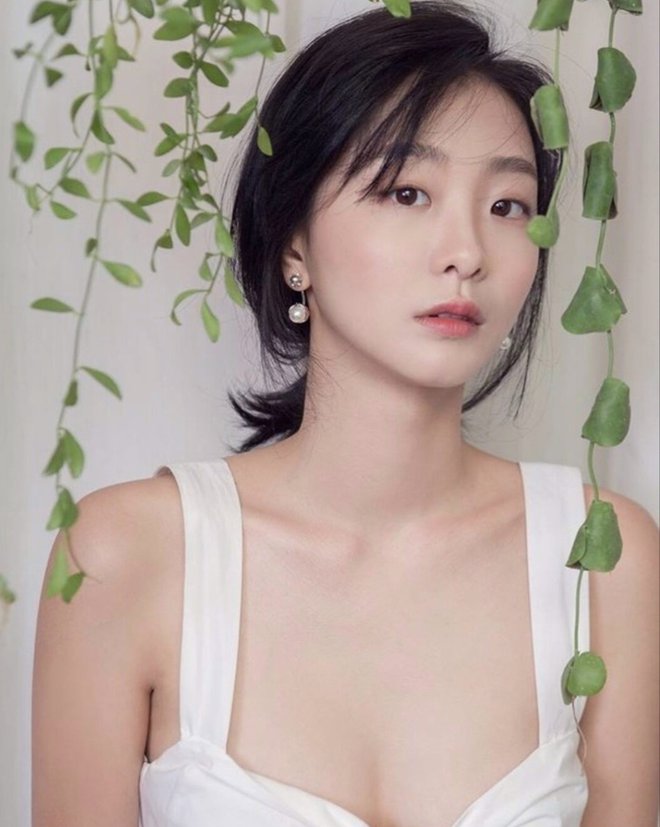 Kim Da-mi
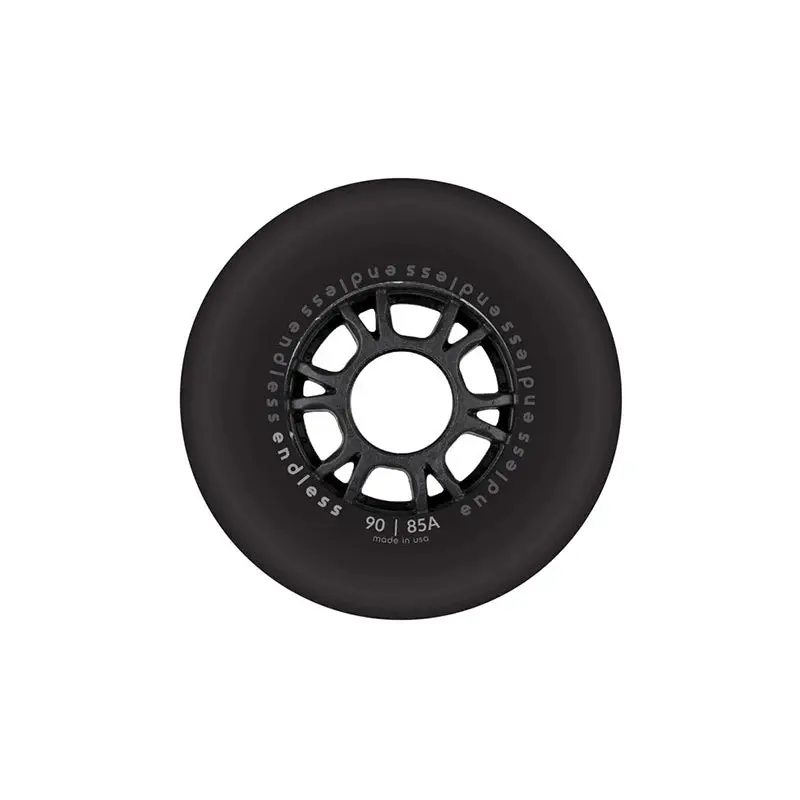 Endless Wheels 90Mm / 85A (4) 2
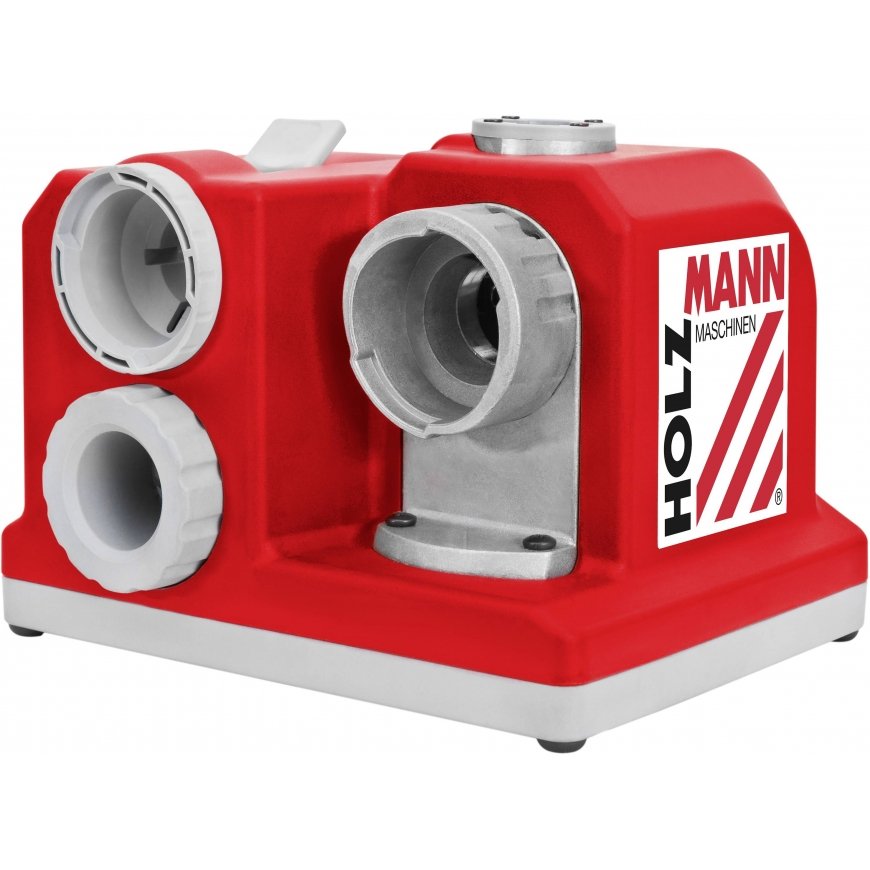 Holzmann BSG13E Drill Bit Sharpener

*WHAT IS NEEDED*
Copy exactly, please, every line from the one holding "Endless Wheels 90Mm / 85A (4) 2" through the last line of the data, both ends included, and no pictures.

*PROBLEM SOLUTION*
 Endless Wheels 90Mm / 85A (4) 2
 Holzmann BSG13E Drill Bit Sharpener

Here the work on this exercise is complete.